[Recorded data]
....
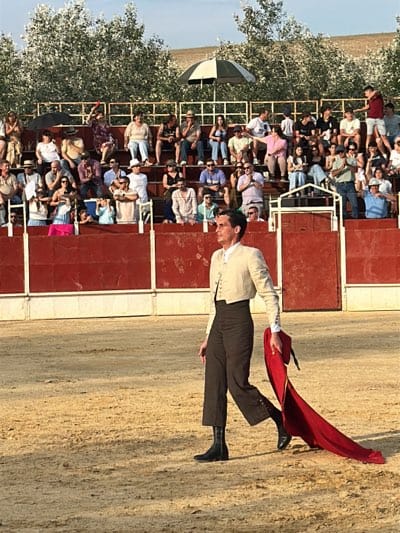 In an outdoor arena in San José del Valle, Spain, a matador is walking, facing right, holding a red cape. He is dressed in a light-colored cropped jacket and dark pants tucked into black boots. Behind him, a red wall partially obscures a crowd of spectators seated in stands. In the background, trees and a light sky are visible.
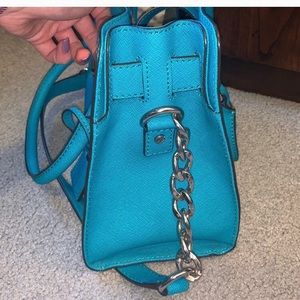 Turquoise Michael Kors handbag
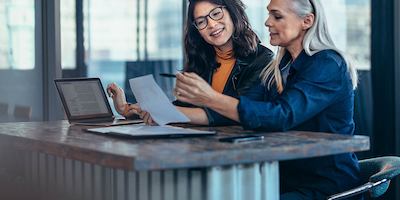 Older worker with younger worker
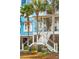 Charming two-story home with landscaped yard and beautiful curb appeal at 511 W Ashley Ave, Folly Beach, SC 29439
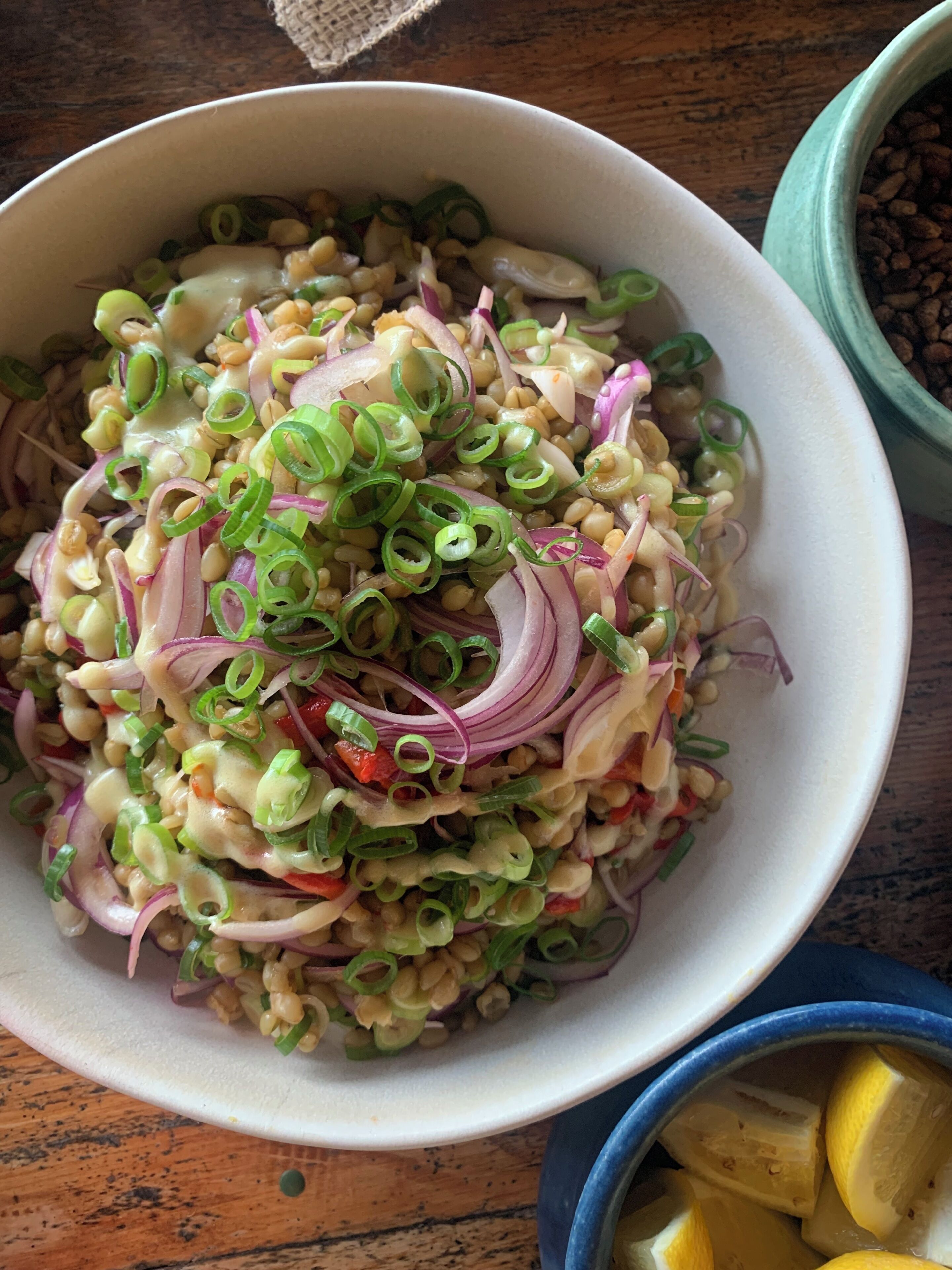 A bowl of salad with various ingredients.
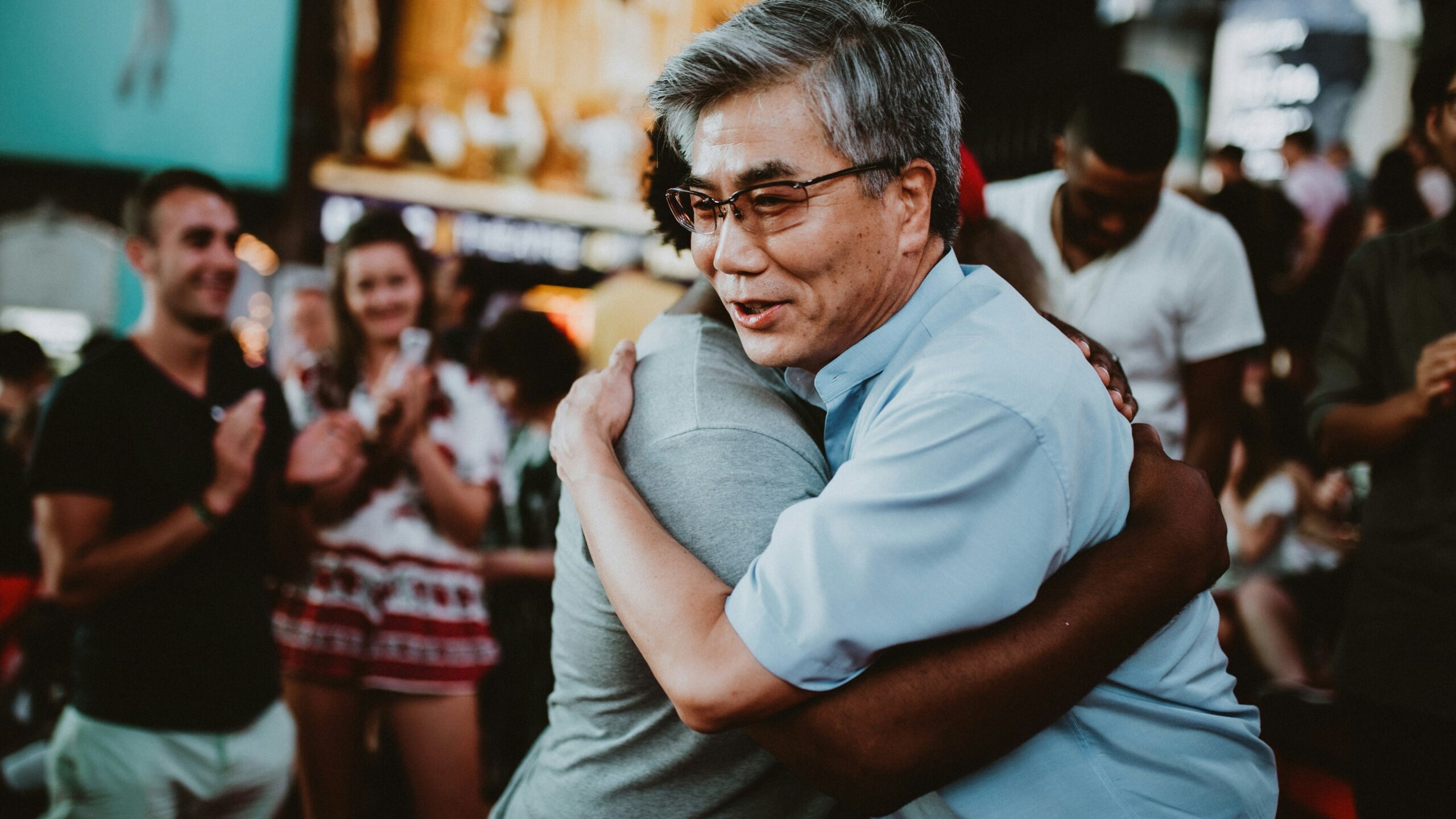 hugging man practicing gratitude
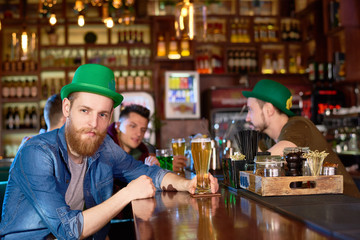 Waist-up portrait of handsome bearded man wearing denim shirt and green bowler hat posing for...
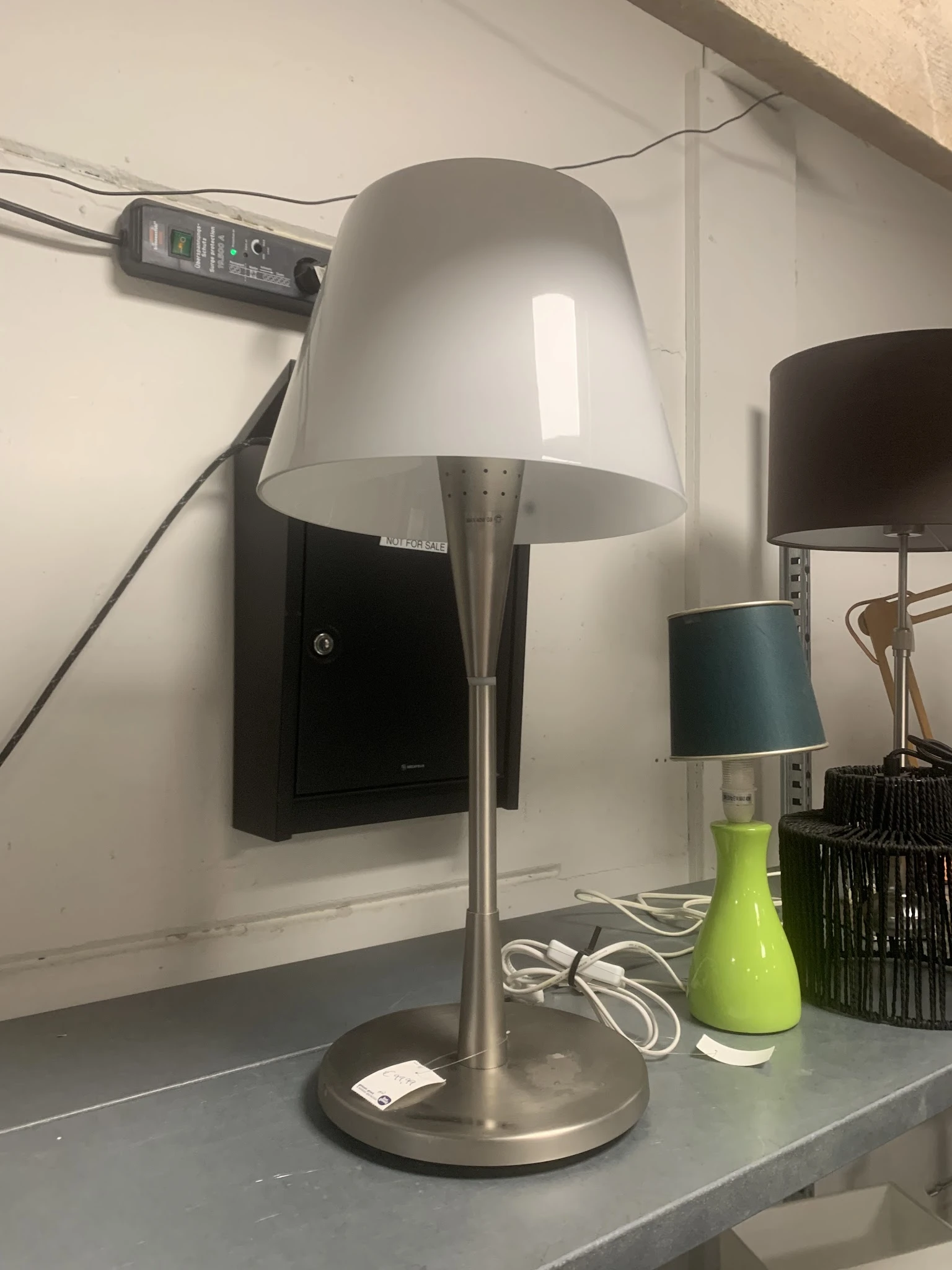 Staande lamp met witte kap en metalen poot naast groene vaas en andere lampen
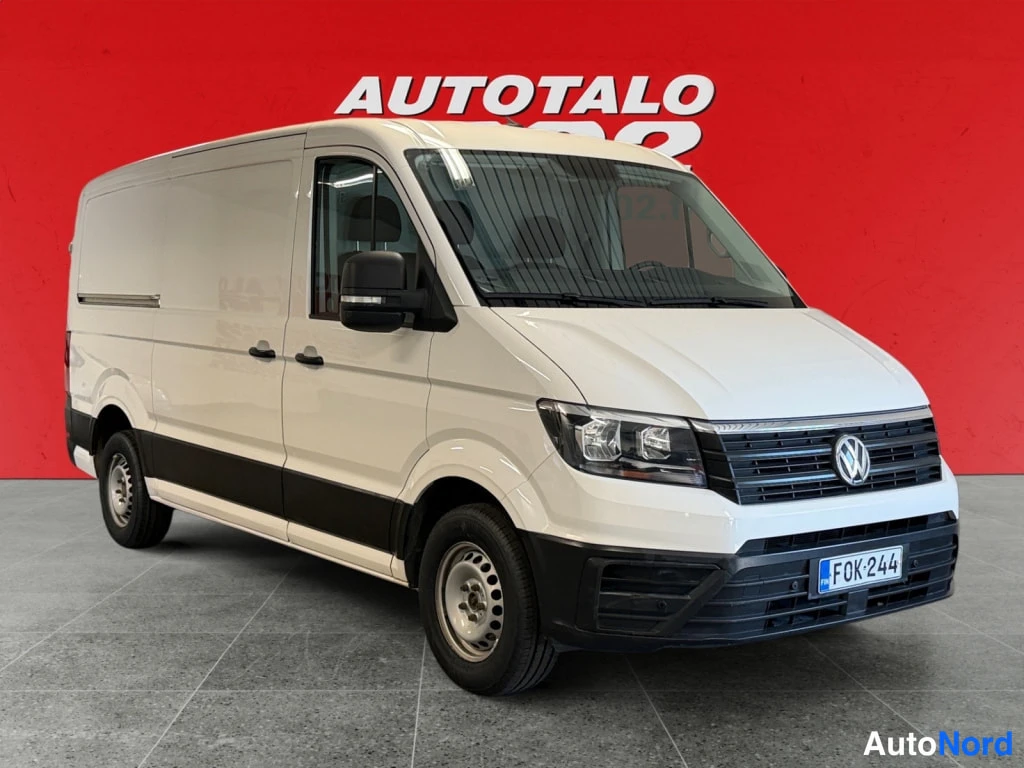 Etuviisto, nokka oikealle: Valkoinen Volkswagen Crafter -pakettiauto kolmeneljännesnäkymässä edestä oikealta, rekisteritunnus.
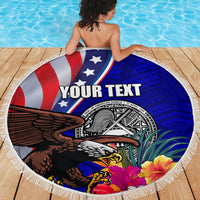 Round beach blanket held over shoulder, blue/red eagle and seal badge with hibiscus, white fringe.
....
## What you have to do
Output an exact copy of the lines from the one with "Staande lamp met" through the closing line of the records, inclusive, without any images.

## Exercise response
 Staande lamp met witte kap en metalen poot naast groene vaas en andere lampen
 Etuviisto, nokka oikealle: Valkoinen Volkswagen Crafter -pakettiauto kolmeneljännesnäkymässä edestä oikealta, rekisteritunnus.
 Round beach blanket held over shoulder, blue/red eagle and seal badge with hibiscus, white fringe.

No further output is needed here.